If you read this blog or you've read my book, you already know that I have a keen interest in the mystical, in altered perceptions. So it won't come as a shock to you that a tiger started visiting me during sivasana (corpse pose) at the end of sweaty yoga classes. Will it surprise you that he told me his name was Solomon, that he was my protector and that I'd better take myself seriously as a writer or he would kick my ass?
Solomon visited me after every yoga class for months. He was the one who put the idea in my head to get a tattoo of HIM. I had always wanted one, but never found a symbol that I wanted on my body forever. This is serious stuff. My husband has two on his back, and my BFF has one on her back and one on her ankle. My dear friend who is both a Wiccan and an Interfaith Minister has many all over her body. (I'll call her DF)
I needed to incorporate the spirit of the tiger into my being. On my birthday, my BFF and my DF took me to the home of a woman tattoo artist in Jersey City, and we created Solomon together. I told the artist about him as she sketched him. (Not TOO intimidating, not TOO fierce). We lit candles and Ohmmmed like good yogis, and my DF drummed, while my BFF squeezed my hand. It was painful yes, but a beautiful experience, almost like giving birth to another part of myself.

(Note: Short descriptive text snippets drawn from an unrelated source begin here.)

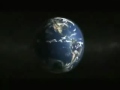 efecto invernadero calentamiento global
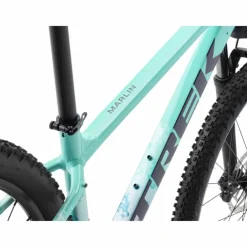 Trek Marlin 5 Gen 3 2027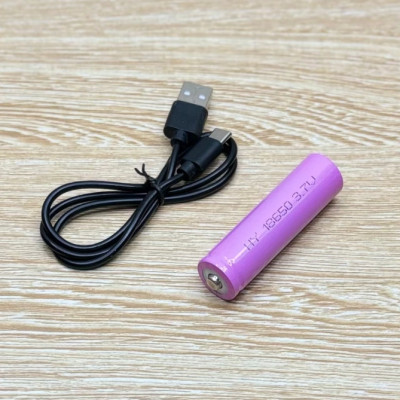 Máy Nghe Nhạc Kiêm Đài Radio Waxiba XB-895REC Tích Hợp Đèn Pin Hỗ Trợ Thẻ Nhớ, USB ( Hàng chính Hãng )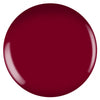 OPI Infinite Shine - Berry On Forever - #ISL60 - Nail Lacquer - Nail Polish at Beyond Polish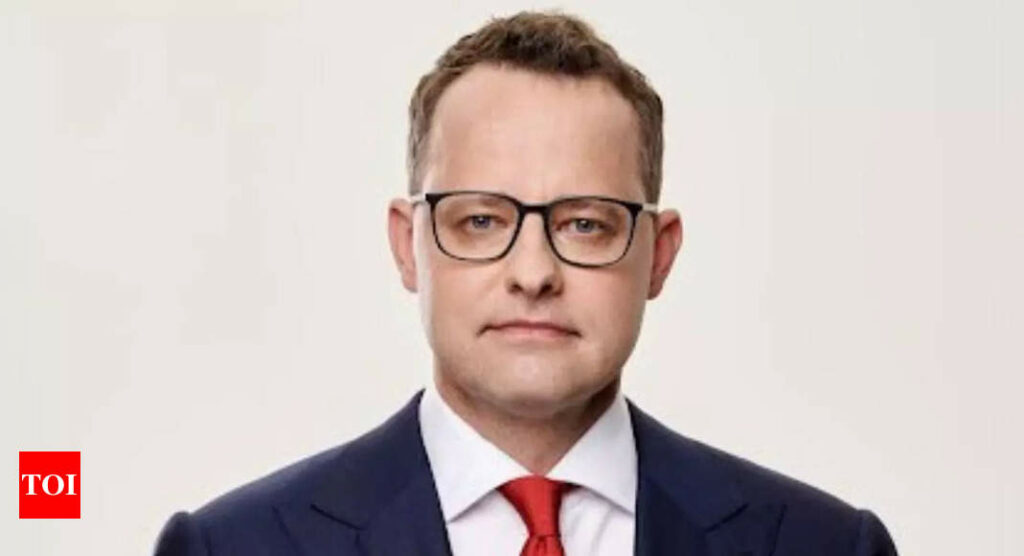Hungary grants asylum to Polish opposition politician, deepening rift between former allies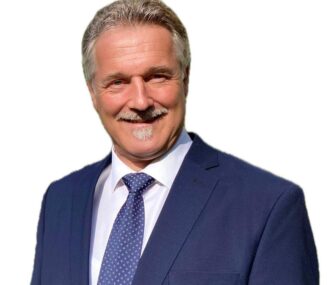 Franc Jozef Smrtnik e1770389144376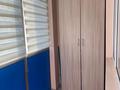 1-бөлмелі пәтер · 36.6 м² · 4/10 қабат, мкр Аксай, Б. Момышулы 25, бағасы: 26 млн ₸ в Алматы, Ауэзовский р-н — фото 8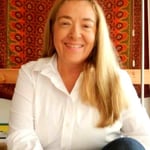 Vendor profile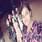Shilpa R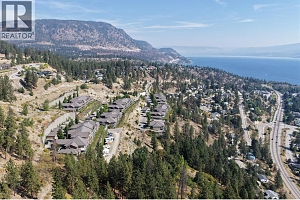 Lot 1 Ponderosa Drive - Photo 5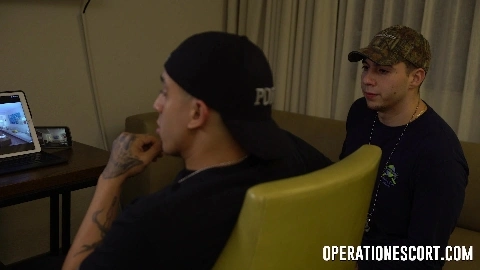 OperationEscort - Backpage Girl Busted In Covert Operation - Mi Ha Doan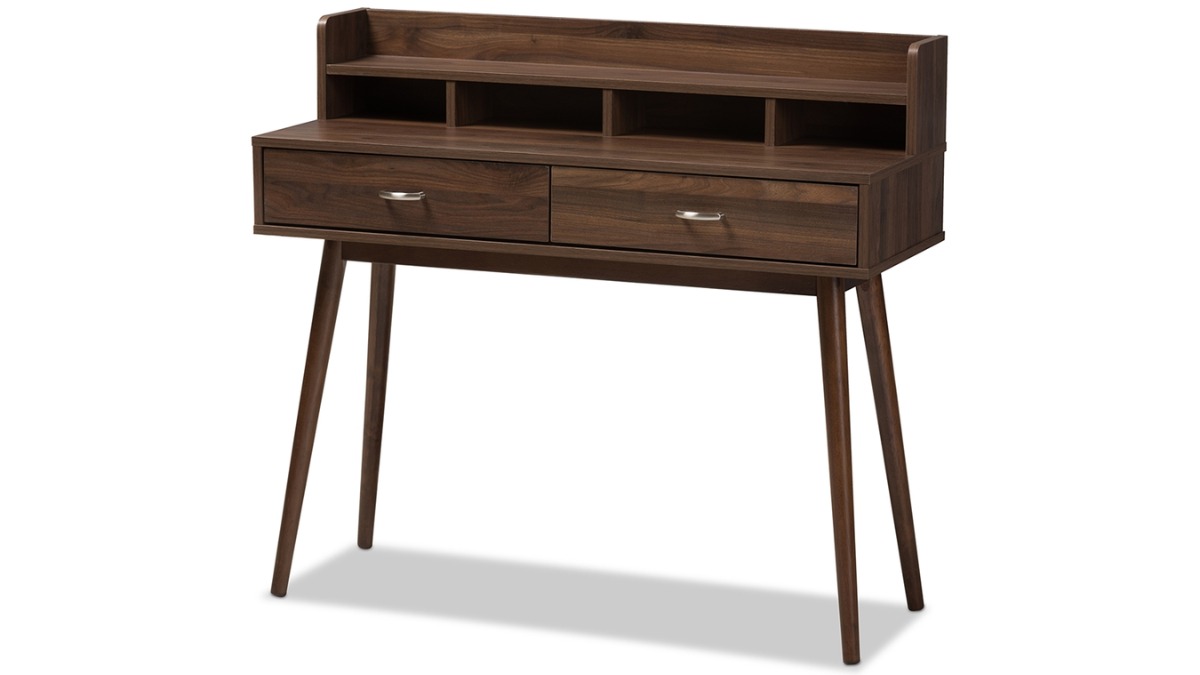 Skyline Decor Disa Desk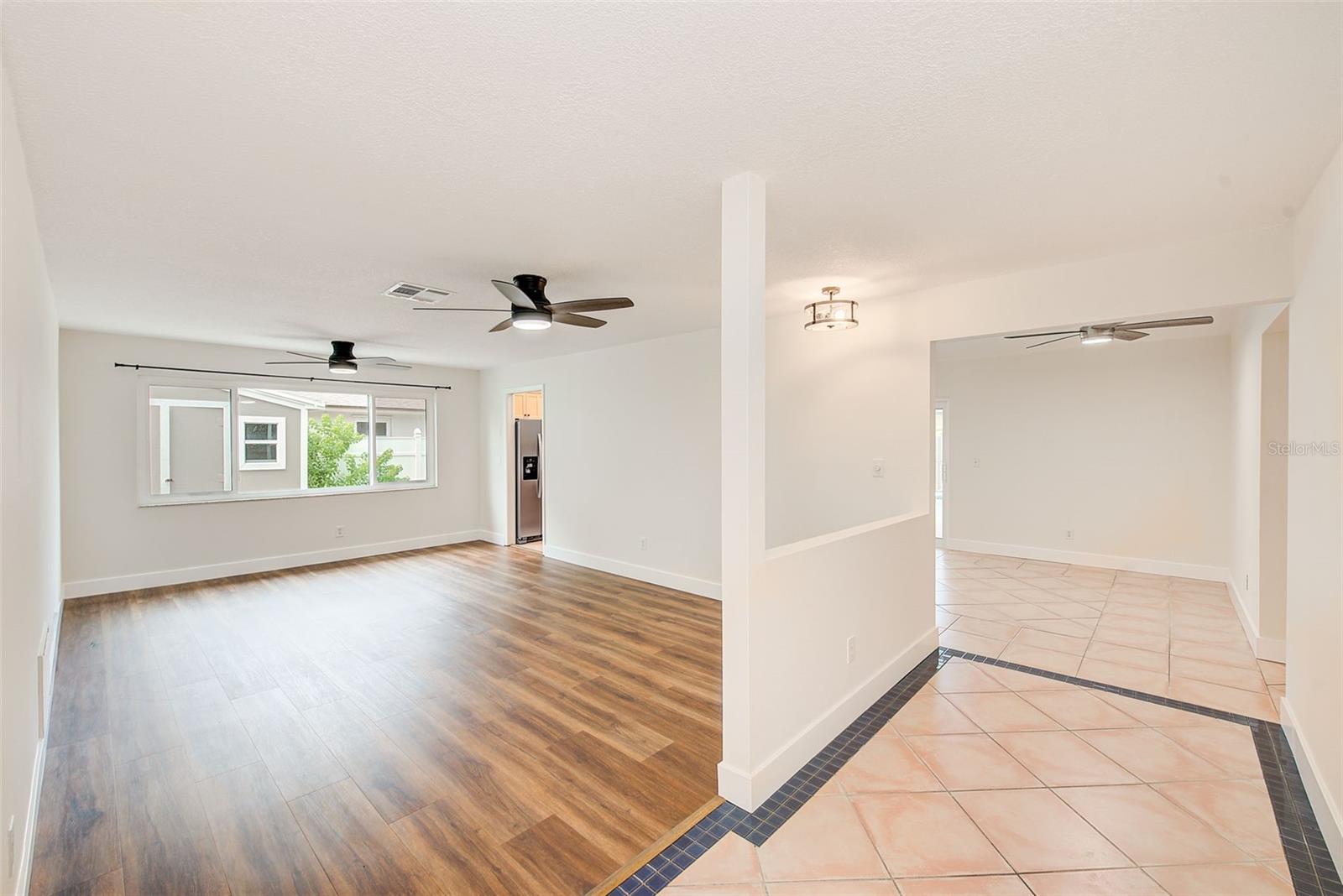 13331 HACIENDA DR — photo 12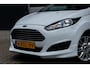 Ford Fiesta 1.0 EcoBoost Hot Hatch|NW.APK|TREKHAAK|CRUISE|NAVI|AIRCO|5-DRS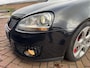 Volkswagen Golf 2.0 TFSI GTI Limited Edition 240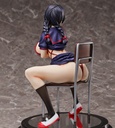 Fuyuko Fujimi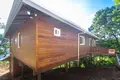 Дом 2 спальни 139 м² Pollytilly Bight, Гондурас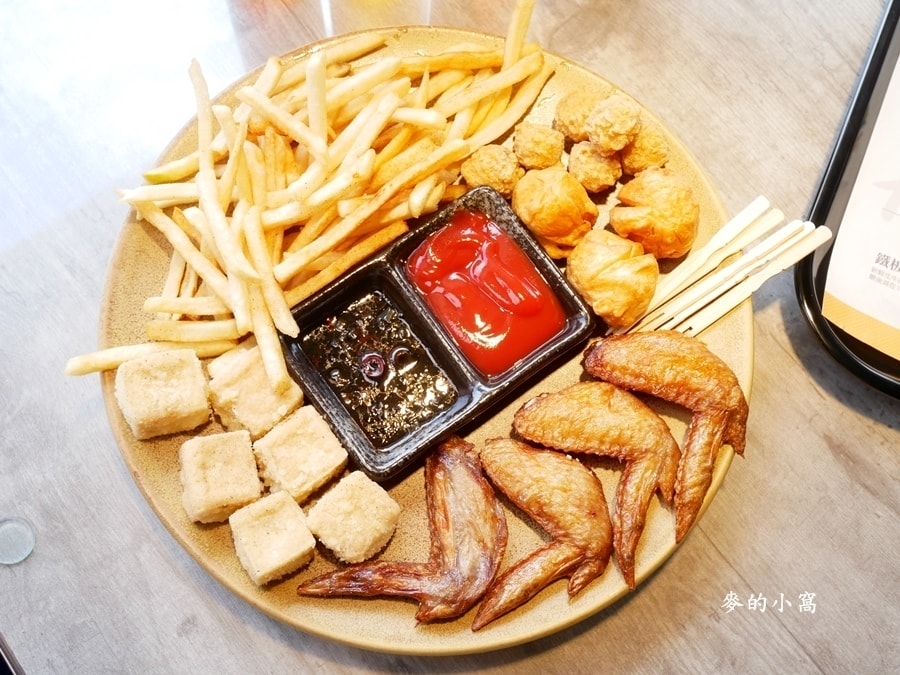 P1640969.JPG P1640969.JPG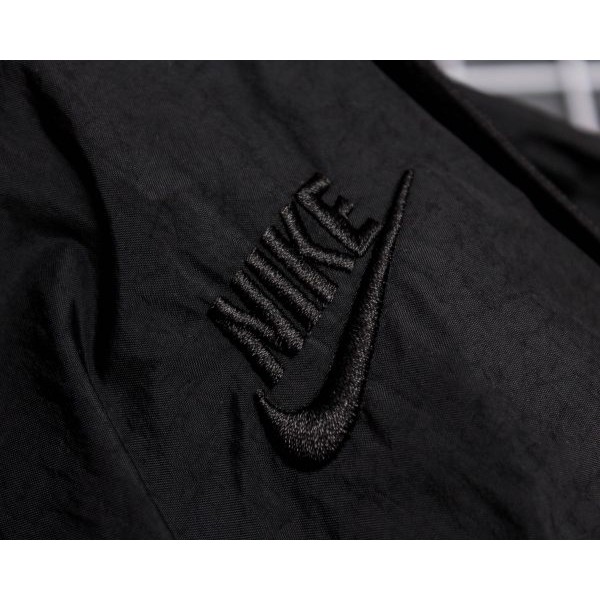 Quần Dài Nike Sportswear Woven Pant Black | BigBuy360 - bigbuy360.vn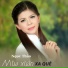Ngọc Thảo feat. Hoài Phong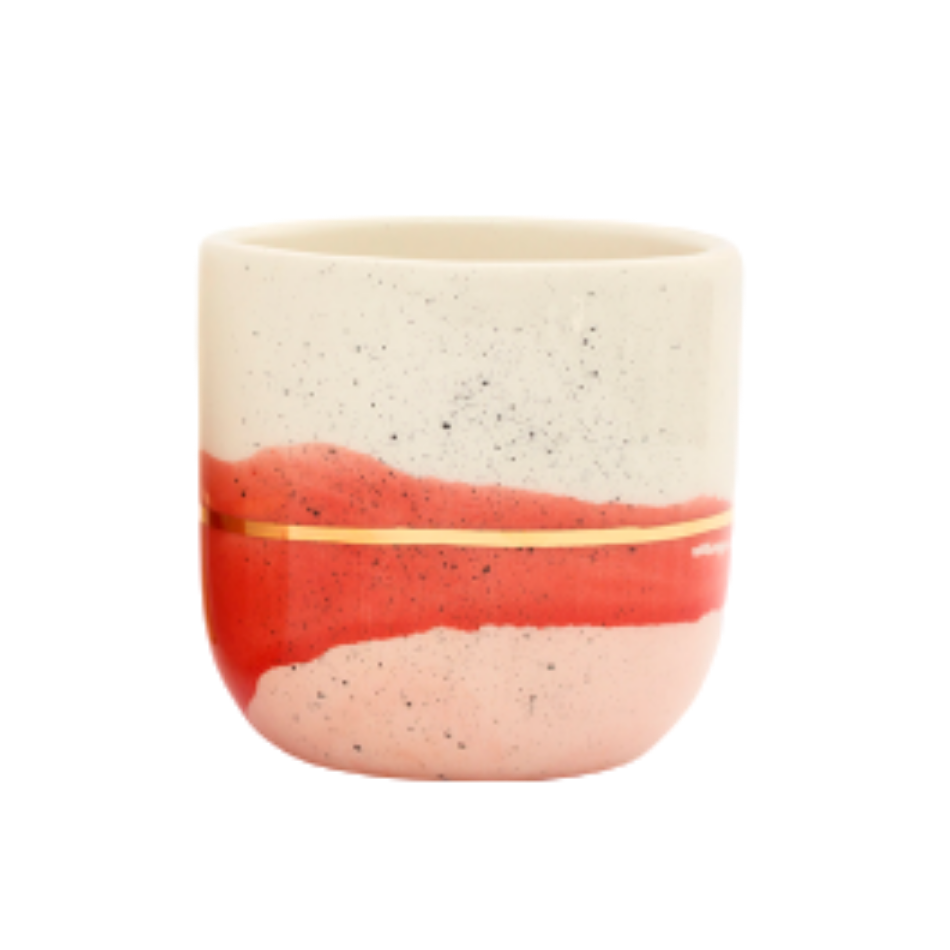 Marinski Espresso Cup - 50ml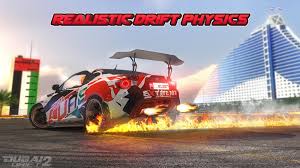 Drift around our amazing arenas in a great . Dubai Drift 2 Download Fasrgas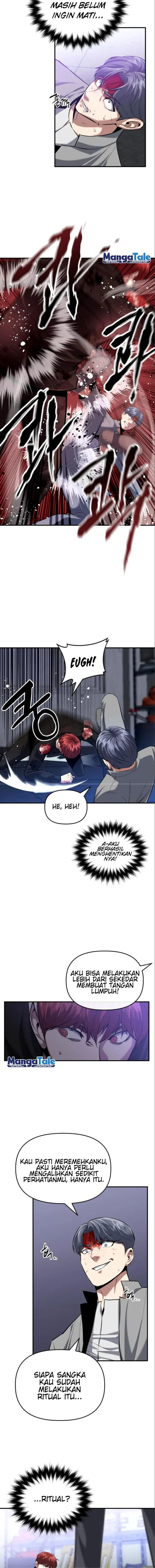 image-komik-killing-killer-chapter-6-13/20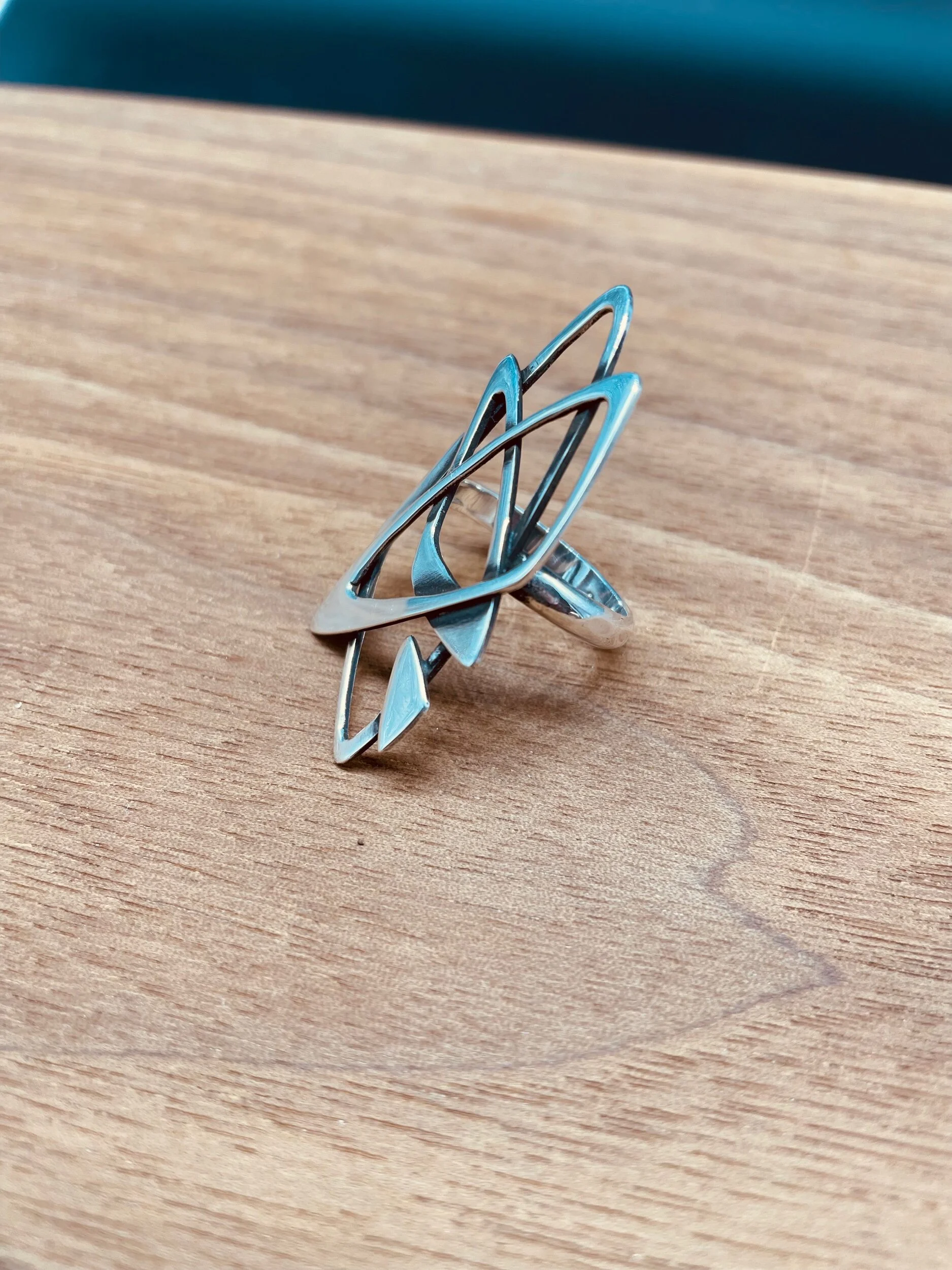 C27D7B48-2F6B-4A50-A069-617847A19048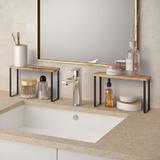 set-2-etajere-york-din-lemn-de-acacia-27x8x16-cm-2.jpg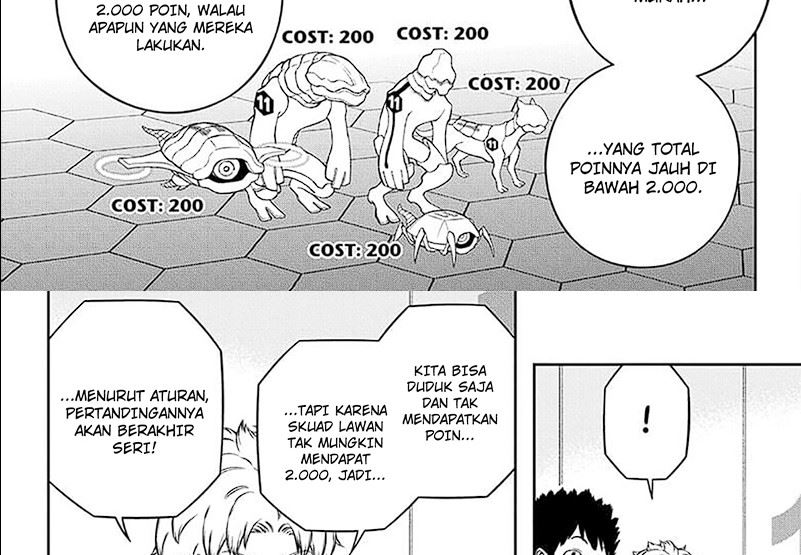 image-komik-world-trigger-chapter-239-50/80
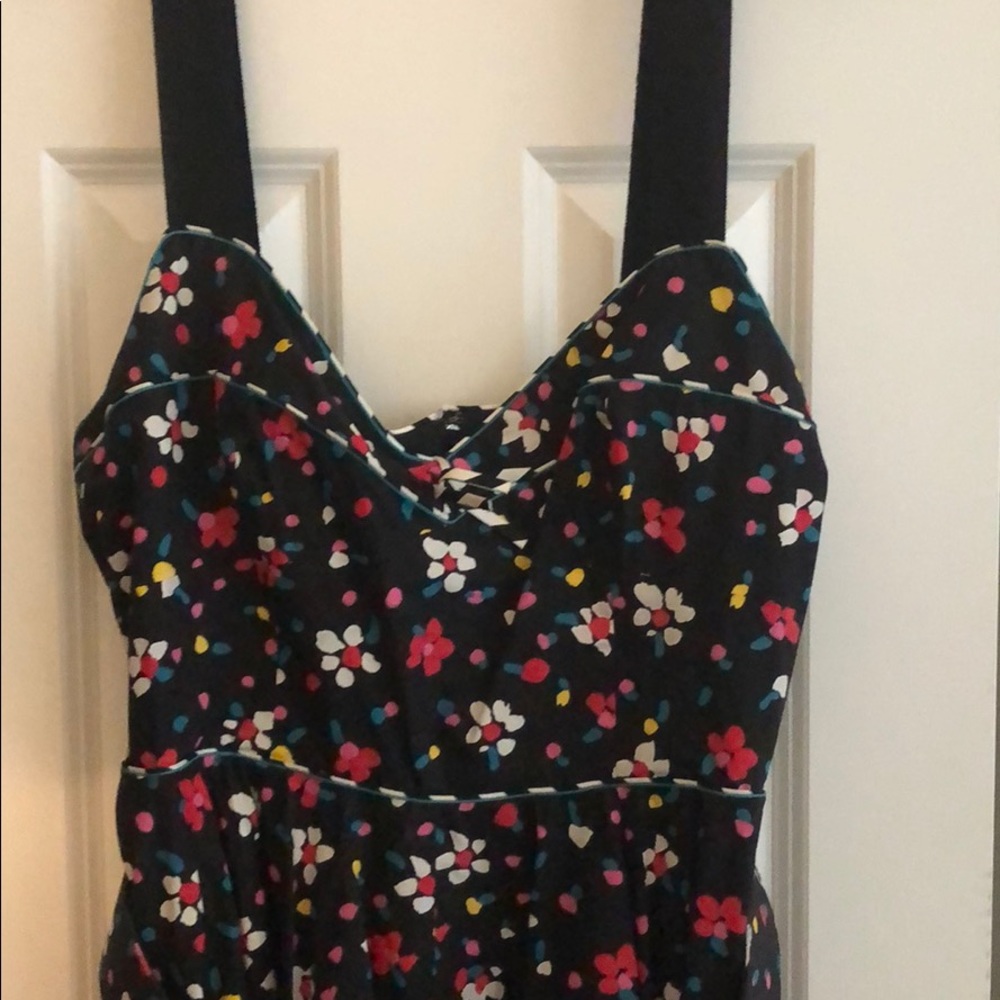 LAST CALL ENDS TODAY Adorable Marc Jacobs dress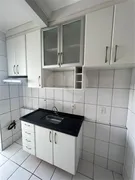 Apartamento com 2 Quartos à venda, 53m² no Jardim Maria, Piracicaba - Foto 13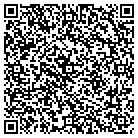 QR code with Architectural Systems Inc contacts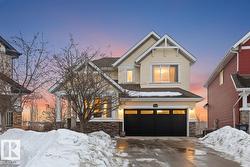 766 Hardy PT NW  Edmonton, AB T6M 0G1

I wrote, I doubted, and Solomon pushed against me. I still write, and I still doubt, but I have the sense memory of that push. That's right - Solomon rarely comes unbidden anymore. And I forget about my tattoo - after all, I can't see it. But since when is seeing believing, hmmm?
Do any of you have tattoos, or stories about tattoos? Does the whole idea turn your stomach? Are you fascinated, but haven't found the right totem?
And I can't end this post without a shout out to Mick Jagger and The Rolling Stones for the title of this post. Their album, Tattoo You, came out when I was in 8th grade, of which I was a proud owner.